Unlike with other mortgages, repayment loans do not give you the opportunity to benefit from a rising stock market. Also, when moving house, people usually take out a 25 year repayment mortgage each time to help keep monthly costs down. This extends the period for repaying the debt.

Endowment Mortgage

Your monthly repayments only cover the interest on the amount you have borrowed. You must also take out an endowment policy with a Life Assurance Company to which you make separate payments. In theory, at the end of the term of the loan the proceeds of the life assurance policy should be sufficient to clear the principal amount borrowed.

It is important to note that there is no guarantee that all life assurance policies will clear the principal amount owing at the end of the term of the loan. With an endowment mortgage it is advised that you contact your life assurance company from time to time to monitor its performance throughout the term of the loan.

The policy is very flexible and can be maintained if you move house or change mortgage provider. Endowments can include some kind of life and critical illness cover, and can be cheaper than buying such cover separately. If the underlying investments perform well, you may get more than is needed to pay off the loan.

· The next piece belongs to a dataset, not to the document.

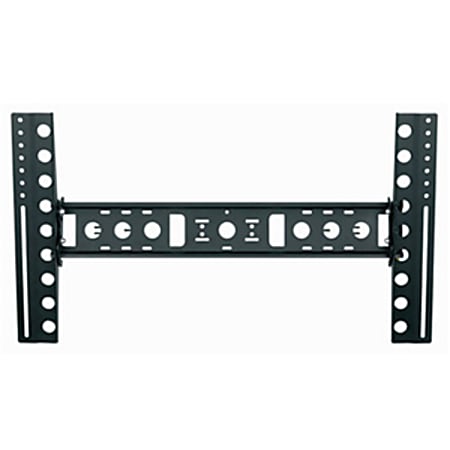 AVF Nexus Eco-Mount EL801B Adjustable Tilt TV Mount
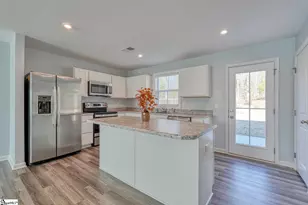 159 Barrington Creek Rd, Piedmont, SC 29673 - Photo 5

If the stock market is under performing your policy may not make enough money to cover the loan at the end of the term. In order to ensure that the mortgage loan is repaid in full at the end of the agreed term you must ensure that the amount you pay into the policy is sufficient to ensure a return on your investment that will cover the remainder of the loan.

Pension Mortgage

This type of mortgage is usually offered to individuals who are self-employed. You make monthly repayments of interest on the loan to the lender. Additionally, you make contributions to a personal pension, which will provide a tax-free lump sum and taxed regular income upon retirement. Most, if not all, of the lump sum is used to clear your mortgage loan at that date.

Using your lump sum to clear the mortgage may leave you with inadequate income in retirement. Also, the lump sum is payable upon retirement, so your loan term may be more than 25 years. Poor investment performance may adversely affect the amount of the tax-free lump sum, leaving insufficient funds available to repay the loan at the end of the agreed term.

By: txyaffiliate

Article Directory: http://www.articledashboard.com

Click to find more on Mortgage Type, Debt Lender and Credit Score

Click the XML Icon Above to Receive Mortgage Articles Via RSS!

© 2005-2009 Article Dashboard. All Rights Reserved.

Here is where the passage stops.